Karl Stetter and his colleagues recently described a novel archaeal species -
Nanoarchaeum equitans - representing the smallest known living cell [
11]. This tiny hyperthermophile grows and divides at the surface of crenarchaeal
Ignicoccus species and cannot be cultivated independently, indicating an obligate symbiotic, and possibly parasitic, life style [
12]. Sequencing of the
N. equitans genome revealed the smallest cellular genome presently known (480 kb) and raised fascinating questions regarding the origin and evolution of this archaeon [
13]. Indeed, in contrast to typical genomes from parasitic/symbiotic microbes [
14-
16], that of
N. equitans does not show any evidence of decaying genes and contains a full complement of tightly packed genes encoding informational proteins [
13]. This suggests that the establishment of the dependence-relationship between
N. equitans and
Ignicoccus is probably very ancient. In a phylogeny of 14 archaeal taxa based on a concatenation of 35 ribosomal proteins and rooted by eukaryotic sequences,
N. equitans emerged as the first archaeal lineage, that is, before the divergence of the two main archaeal phyla, the Euryarchaeota and the Crenarchaeota [
13]. This is consistent with the early emergence of
N. equitans in a phylogeny based on SSU rRNA [
12], and with the proposal that
N. equitans should be considered as the representative of a novel and very ancient archaeal phylum, the Nanoarchaeota [
11].
Testing the phylogenetic position of
N. equitans is thus crucial to deciphering the history of the archaeal domain. For instance, if the divergence of this lineage indeed preceded the divergence of Euryarchaeota and Crenarchaeota, features common to
N. equitans and any other archaeal taxa could probably be considered as ancestral characters (provided that lateral gene transfers (LGTs) are excluded). For example, the most parsimonious interpretation for the presence in the genome of
N. equitans of all those genes that are otherwise found in the Euryarchaeota only [
13] is that all these proteins were present in the last archaeal ancestor and were subsequently lost in the Crenarchaeota.
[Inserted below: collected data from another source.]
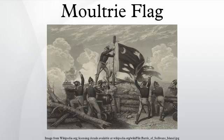Iconic to the state as a symbol of freedom and the revolution, this flag eventually became the foundation for the state's own flag. The fort was renamed Fort Moultrie, and the flag is sometimes referred to as the Fort Moultrie flag.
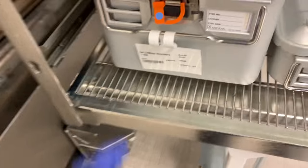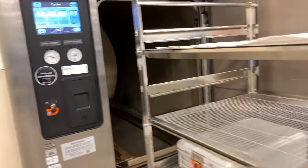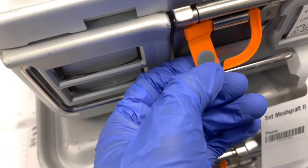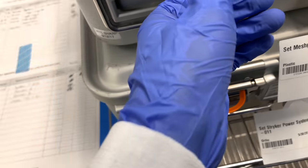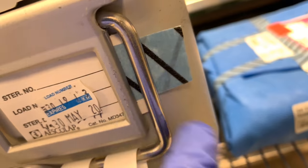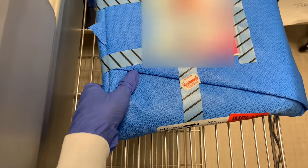All right, so these ones are ready for the sterilizer. When it's sterile, the blue is going to turn into a black color — that indicates that it's sterile, same with the tape. For things that are wrapped, it's going to show up as sterile on the tape.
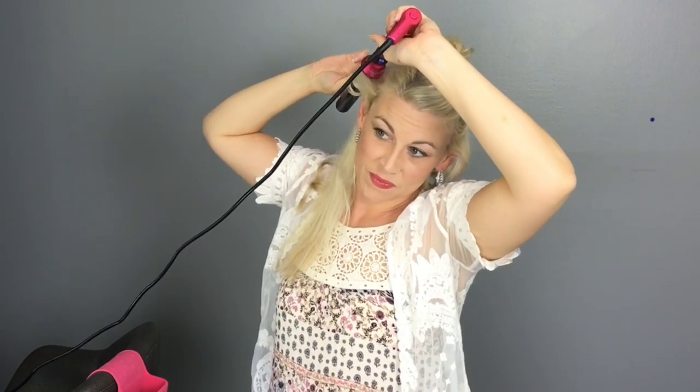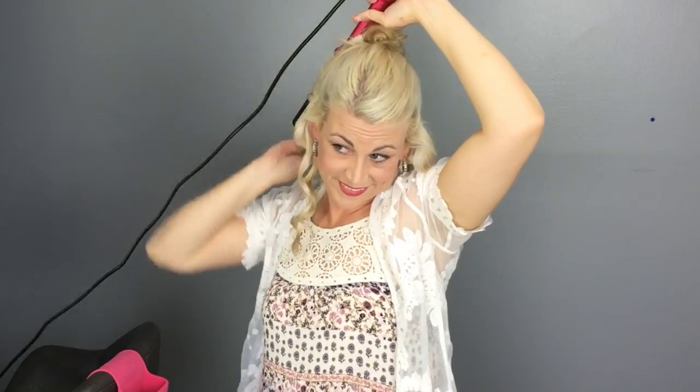You can already kind of see that by doing them all in the same direction, I'm getting more of a wavy look. I held these about 10 to 12 seconds. If you want, you can hold them just a little bit longer. If I want it to be more defined, sometimes I'll hold it up to 15 seconds. Now I'm going to do the other side, starting by my face, curling them all back. Before I move on to the next section, I just like to make sure I don't have any sections that I missed or that have loosened up too much, and I'll re-curl them now if need be.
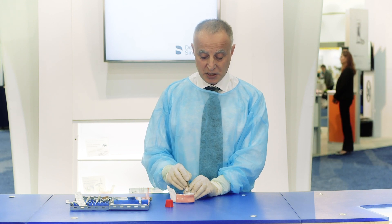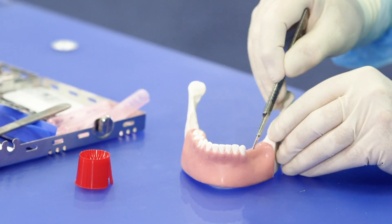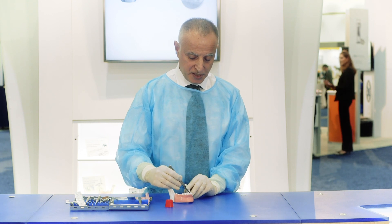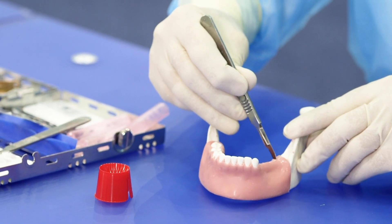The first thing that we do is a mid-crestal incision. In most cases, we are going to need some vertical release incisions on the mesial and the distal aspect.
However, the hypothesis of an early divergence of the Nanoarchaeota should be treated with caution. There are now several examples in which fast-evolving taxa are mistakenly assigned to early branches because of a long branch attraction (LBA) artifact due to their high evolutionary rates [
17], especially when a distant outgroup is used [
18-
21]. Similarly, since adaptation to a symbiotic or parasitic life style may have accelerated its evolutionary rate, the basal position of
N. equitans in phylogenetic analyses using distant eukaryotic sequences as the outgroup [
13] may be strongly affected by LBA.
We tested the position of
N. equitans in the archaeal phylogeny by using a dataset of concatenated ribosomal proteins larger than that used by Waters and colleagues [
13], a much broader taxonomic sampling, and without including any outgroup in order to reduce LBA. By applying phylogenetic approaches that accurately handle reconstruction biases, we show that the early emergence of
N. equitans observed in previous analyses probably resulted from an LBA artifact due to the fast evolutionary rate of this archaeon, possibly worsened by LGT affecting a fraction of its ribosomal proteins. Indeed, the phylogenies based on our new ribosomal protein dataset and on additional single genes suggest that
N. equitans is more likely to be a very divergent euryarchaeon - possibly a sister lineage of Thermococcales - than a new and ancestral archaeal phylum. This is consistent with further evidence gathered from close BLAST hits analyses on the whole genome complement of this taxon.